On a beau détester ou aimer ce film, déjà, la choix de son titre était une bonne ruse. Le caractère imprononçable du titre suscite une certaine curiosité et provoque des rires dès l'achat du ticket de cinéma (on vous donne une astuce, dites « Une place pour le film sur le volcan avec Dany Boon » et ça passera tout seul). Seulement, une fois dans la salle, le spectacle qui s'offre à nous est d'une qualité limitée. Au final, le film est une comédie un peu lourdingue qui se repose sur un comique de situation qui tourne vite en rond. Pas de bons dialogues, et des acteurs bons mais pas idéalement à leur avantage (avec tout le respect que l'on doit à Valérie Bonneton, et malgré sa bonne prestation, le rôle de la riche femme ingrate ne lui colle absolument pas).

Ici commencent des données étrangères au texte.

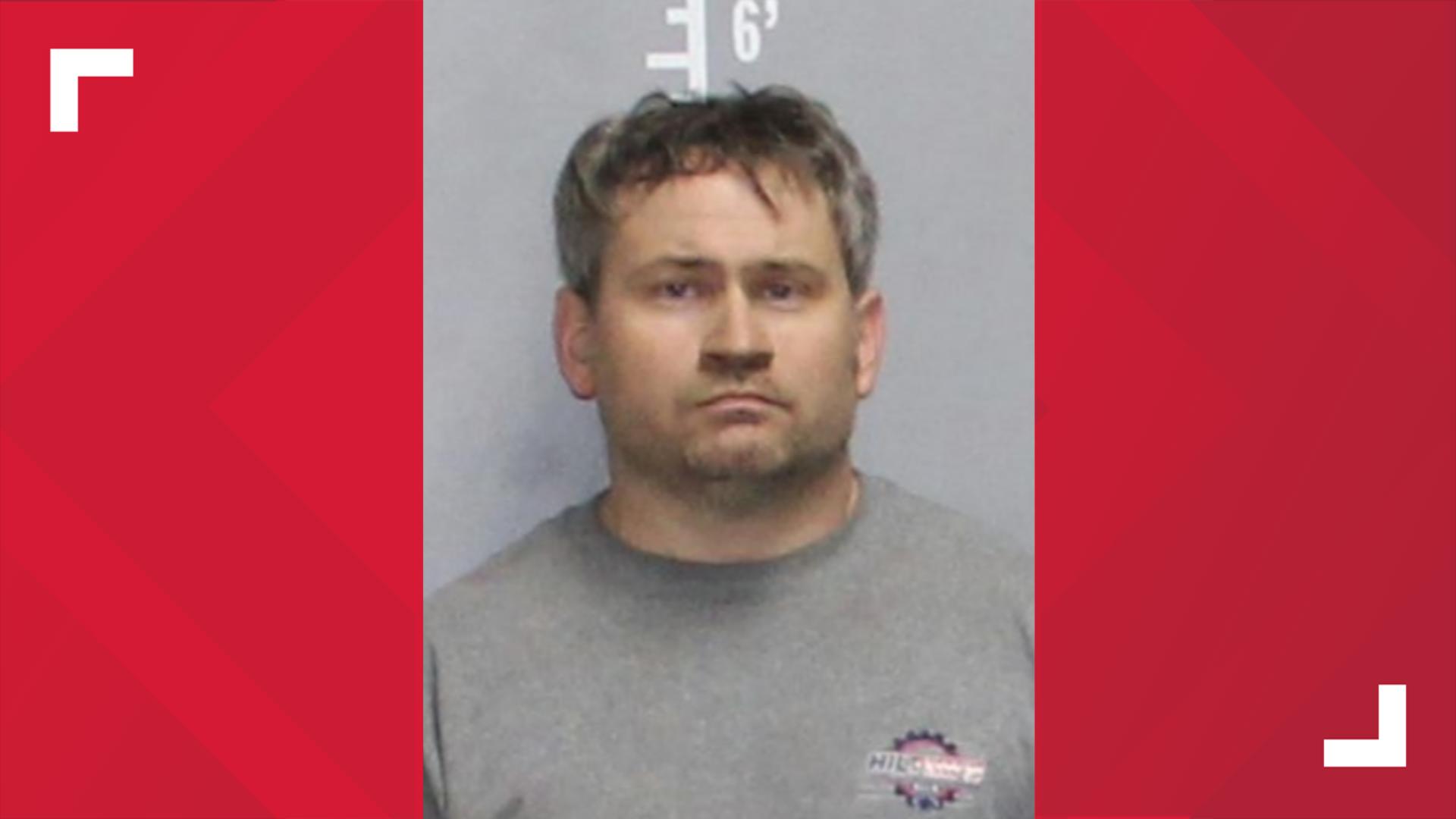 Montezuma man charged with multiple counts of sexual abuse, violating ...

Le film est composé de plusieurs parties. La première est irrésistible. On adore voir ce couple divorcé se chamailler tels des gamins de maternelle. C'est puéril, bourrrin, mais qu'est-ce que c'est drôle. Puis le film bascule un peu, dérive même. L'intrigue perd tout son sens, toute sa crédibilité, et au final, on a le droit à un road-movie déjanté, et plus du tout à une comédie anti-romantique comme nous le proposait le début du film. Donc le film se perd, et ne se retrouve jamais. Malgré quelques scènes rigolotes (l'aigle, le bus), le film s’essouffle et s'étouffe, et au final, l'intérêt de le voir en devient extrêmement limité. Finalement, Eyjafjallajökull est une faible comédie.
En résumé, bon pour le box-office et ça s'arrête là.